La présidence danoise a proposé trois amendements aux mesures actuelles. L’un de ceux-ci assouplirait la mesure liée à la diversité minimale des cultures afin de limiter ses effets sur la seule culture vraiment concernée, à savoir la monoculture de maïs. Le second assouplissement vise le maintien des prairies permanentes pour lequel l’État-membre pourrait définir le niveau d’application : celui de l’exploitation ou de la région. Une proposition qui offre la possibilité du statut quo puisque cette mesure existe déjà au niveau régional. Enfin, la présidence propose, pour les surfaces d’intérêt écologique, d’en exclure les plus petites exploitations et de définir un seuil minimal à atteindre au niveau individuel et régional. Les bons élèves, poussés par des mesures agroenvironnementales volontaires, pouvant ainsi faire bénéficier les autres de leur engagement pour l’environnement…

La proposition Danoise reste très équilibrée au regard de la flexibilité souhaitée par certains États-membres qui ont plaidé pour une approche par « menu » afin d’offrir des mesures environnementales à la carte, et surtout, accessibles ce qui aurait pour conséquence de vider le verdissement de sa substance. D’autres plaident pour que ce verdissement soit inclu dans la conditionnalité, appliquée selon le principe de subsidiarité. Parmi les mécanismes de flexibilité, certains États voudraient que les cultures énergétiques ou de protéagineux puissent être comptabilisées dans les surfaces d’intérêt écologique. Une ineptie puisque les surfaces d’intérêt écologique doivent jouer un rôle de régulation de l’écosystème en hébergeant des auxiliaires de cultures et aussi un rôle de tampon vis-à-vis des autres milieux (protection de l’eau, de la biodiversité, lutte contre l’érosion des sols, …). Pour jouer ces rôles, les espaces ne doivent recevoir ni engrais, ni pesticide, ni labour. Cela n’a donc aucun sens, d’un point de vue environnemental, de remplacer ces surfaces écologiques par des champs cultivés.

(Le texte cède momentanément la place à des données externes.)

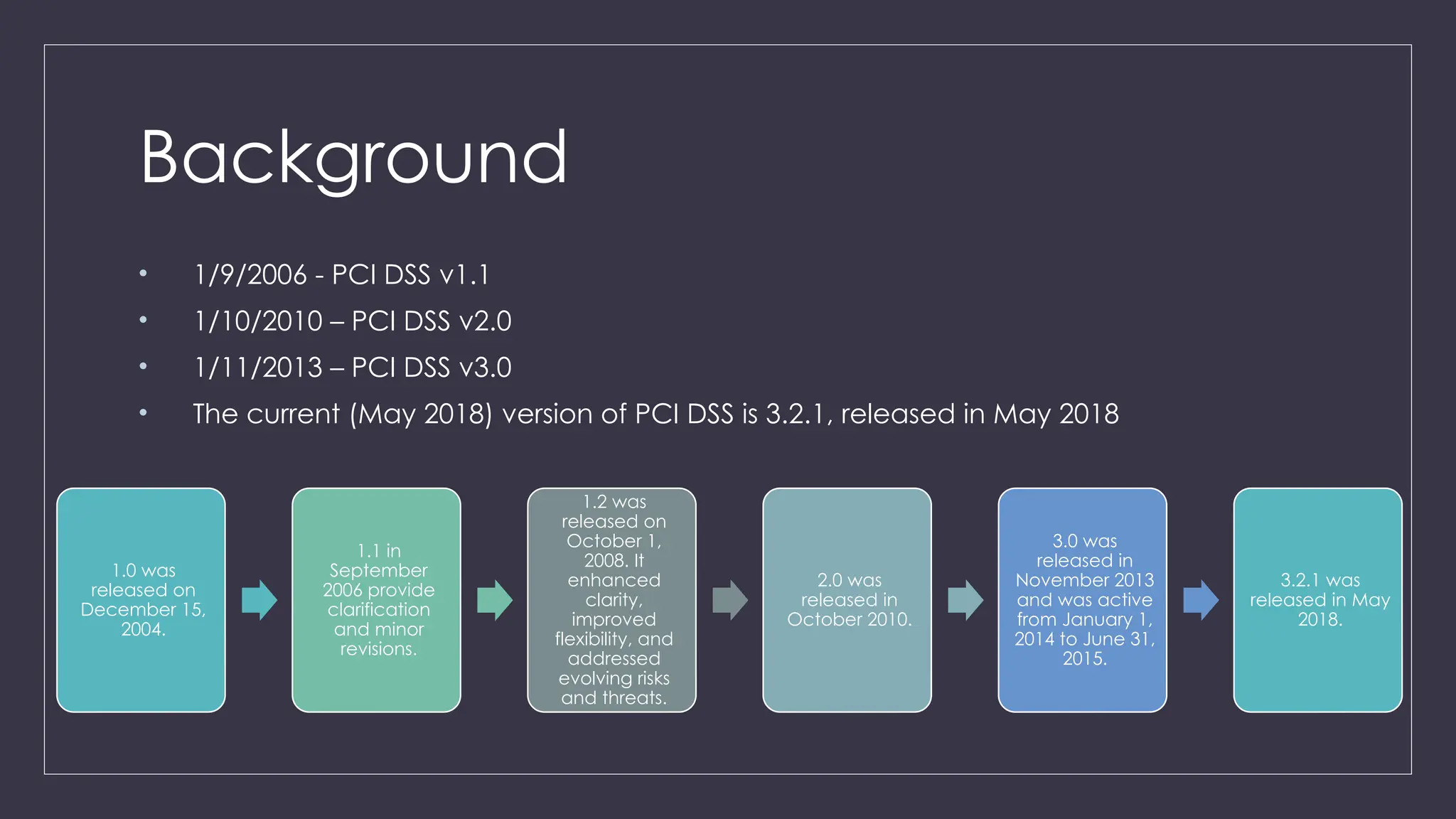 Background
• 1/9/2006 - PCI DSS v1.1
• 1/10/2010 – PCI DSS v2.0
• 1/11/2013 – PCI DSS v3.0
• The current (May 2018) version of PCI DSS is 3.2.1, released in May 2018
1.0 was
released on
December 15,
2004.
1.1 in
September
2006 provide
clarification
and minor
revisions.
1.2 was
released on
October 1,
2008. It
enhanced
clarity,
improved
flexibility, and
addressed
evolving risks
and threats.
2.0 was
released in
October 2010.
3.0 was
released in
November 2013
and was active
from January 1,
2014 to June 31,
2015.
3.2.1 was
released in May
2018.
 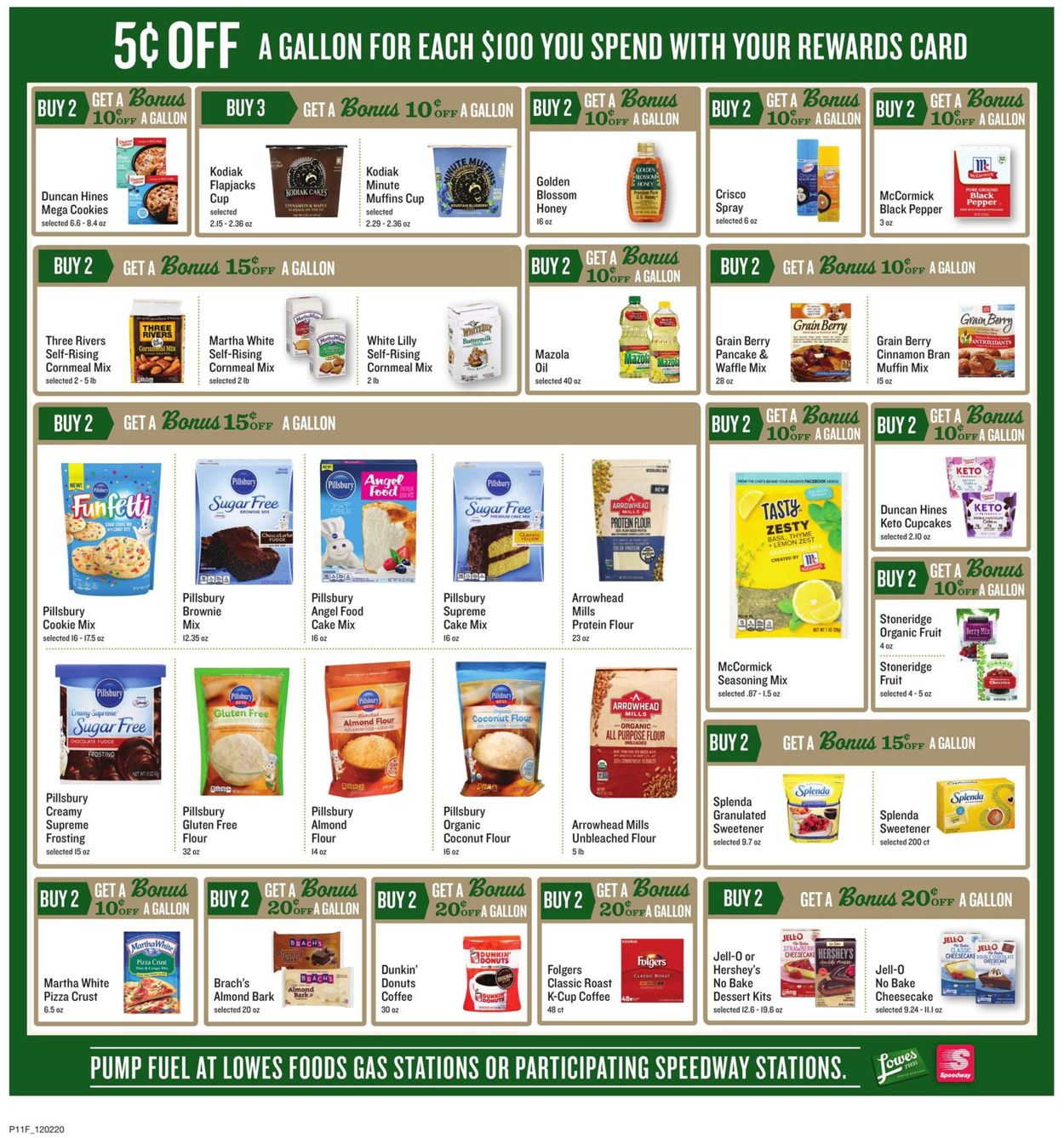 Catalogue Lowes Foods from 12/02/2020
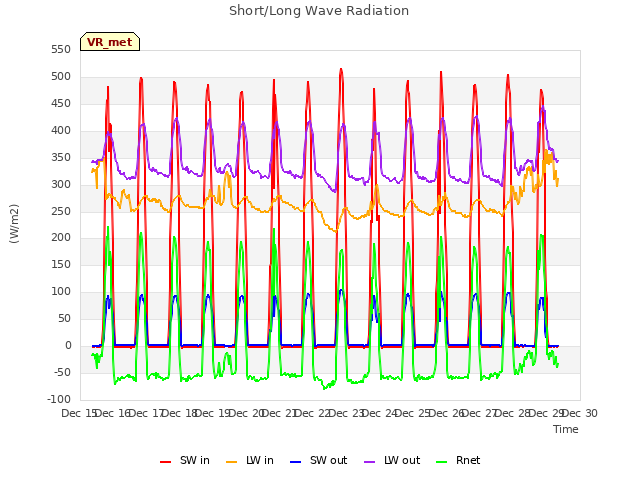 plot of Short/Long Wave Radiation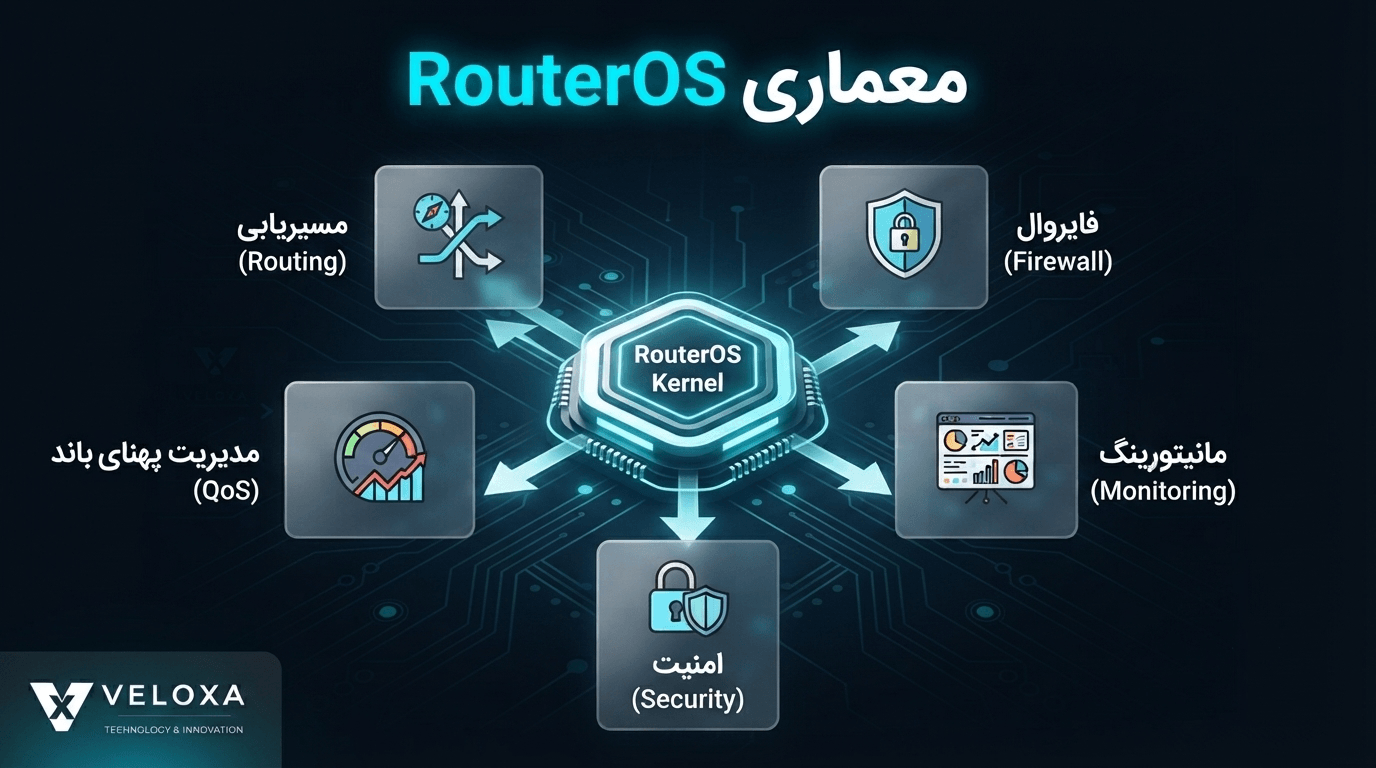 معماری و قابلیت‌های RouterOS در مدیریت شبکه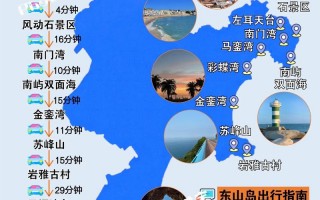 山东旅游攻略5天自由行路线？山东旅游路线推荐？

Des eurodéputés favorables… à plus de flexibilité

La commission de l’agriculture du Parlement européen est encore loin d’un consensus. De nouvelles mesures semblent cependant émerger sous forme d’une plus grande flexibilité pour permettre aux agriculteurs d’obtenir le paiement vert. Plutôt que d’élargir le « menu » des mesures de verdissement, comme le souhaitaient certains pays européens, les rapporteurs envisagent d’introduire une certification écologique optionnelle des exploitations, dont les conditions seraient à définir par la Commission et qui permettrait l’éligibilité automatique des exploitations certifiées à la composante verte des aides directes.
Les rapporteurs proposent également de passer de 7 % à 5 % de surfaces d’intérêt écologique dans le cas où les surfaces dédiées seraient contiguës à celles d’une exploitation voisine pour plus d’efficacité environnementale. Mais les rapporteurs suggèrent également que les cultures assurant la fixation de l’azote puissent être comptabilisées, ce qui risque de réduire à néant l’objectif initial de protection de la biodiversité et de l’eau.
Les rapporteurs voudraient, toujours pour plus de flexibilité, permettre aux États-membres d’effectuer des transferts du premier pilier (les aides directes) vers le second (programme de développement rural) tout en demandant qu’il n’y ait pas, pour ces transferts, de cofinancement national. Ces transferts resteraient limités aux budgets non utilisés du volet verdissement.

Prochaines étapes

Le vote en Commission de l’agriculture est prévu pour la fin de l’automne en fonction des progrès sur le futur cadre financier 2014-2020. La Conseil devrait également se positionner puisque la version finale de la nouvelle politique agricole de l’UE sera co-décidée par le Parlement et le Conseil. La réforme de la PAC entrera en vigueur le 1er janvier 2014.